Et si nous passions l’éponge sur toutes ces simagrées ? Quand Dieu fit franchir la mer Rouge au peuple élu, il ne déshabilla pas les femmes. Quand Jésus marcha sur l’eau, il retira ses sandales pour éviter le scandale. On peut trouver toutes les raisons dans le texte ; tout n’est que question d’interprétation. Il est clair cependant que le ver est dans le fruit et que plus rien ne peut calmer les esprits, à moins d’un bon bain d’eau glacée ...
L’hiver viendra étendre son manteau blanc sur les protagonistes de la pitoyable polémique vestimentaire. En refroidissant les ardeurs, il apportera la preuve que tout cela relevait du réchauffement climatique, de la poussée de fièvre et de la plus parfaite hypocrisie. Chacun pourra alors endosser les combinaisons les plus scabreuses qui soient car, on baigne dans un climat malsain, l’eau est polluée et l’air irrespirable. Les gars de la Marine resteront sur le pont tandis que les demoiselles en dentelles retourneront à leurs pénates, heureuses, sans doute, d’avoir mis de l’huile sur le feu. On jettera alors le bébé avec l’eau du bain en se rendant compte qu’il avait une sacrée couche, les fesses sales et le nez morveux.
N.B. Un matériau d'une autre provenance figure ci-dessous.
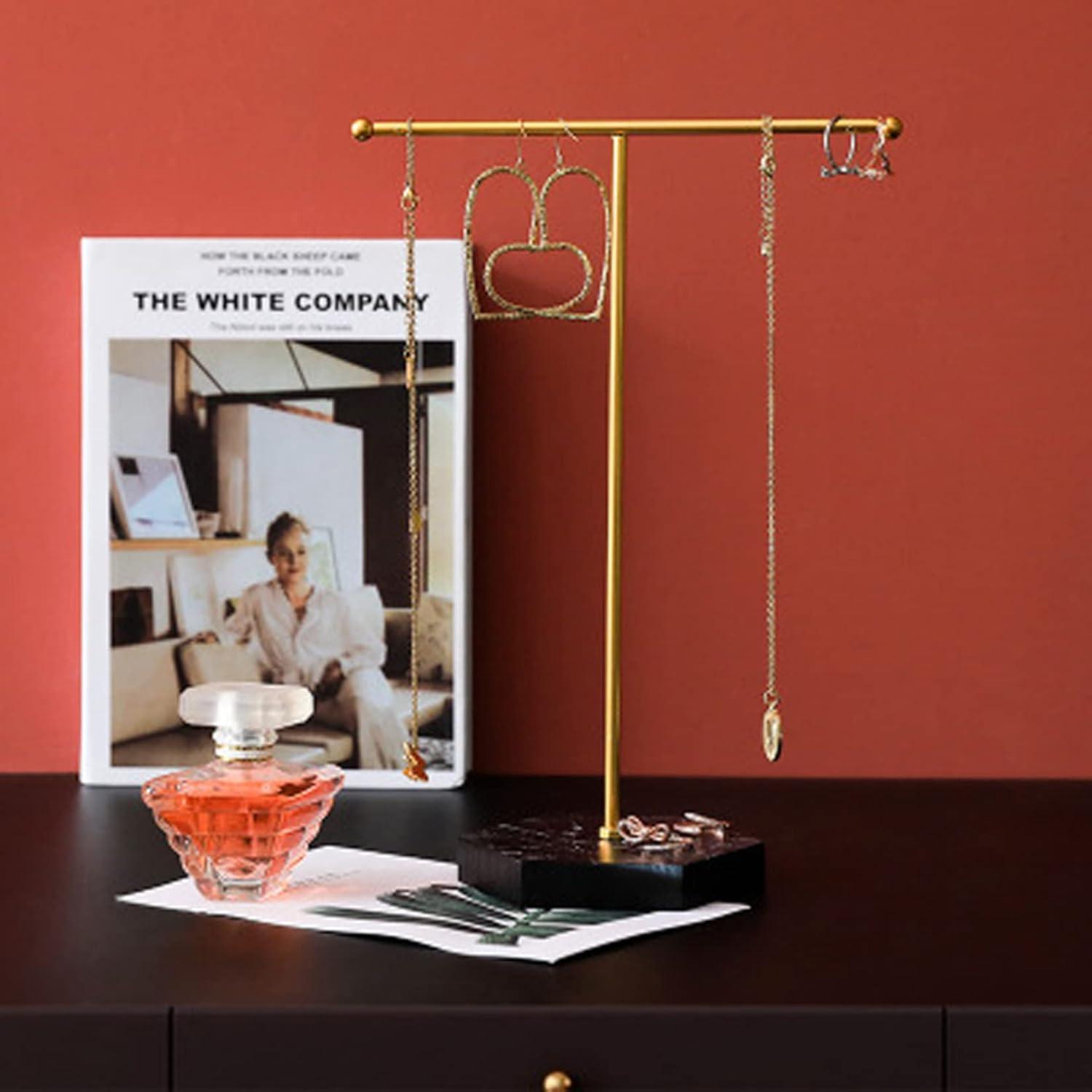 Jewelry Organizer Stand Display Necklace Holder T-Bar Plated Metal Desk Organizer Tower for Show Jewelry Hanging Pendant Earring Bracelet Ring Accessorie with White Marble Plywood Bases, White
Le point de croix, ou bien le pas de Dieu, devrait vous mettre la puce à l’oreille, tout cela n’est qu’une vilaine controverse fomentée par un croque-mitaine céleste et quelques grossistes du Marais. Tirez un peu sur l'écheveau et dévidez la triste bobine : elle a l’haleine fétide et les arrière-pensées frileuses . Tout cela a des relents de braderie ou bien de soldes au rabais. On tire sur la ficelle et elle finit par casser, nous emportant alors dans un tourbillon de querelles, un raz-de-marée de conflits, une prochaine guerre des boutons d'acné. Que tous les protagonistes aillent se rhabiller et qu’ils remisent au grenier ces pauvres fripes mouillées et ces principes éculés ! Tout cela est cousu de fil blanc ; il sera grand temps de faire un ourlet avant que notre société ne s’effiloche définitivement ...
Fripement leur.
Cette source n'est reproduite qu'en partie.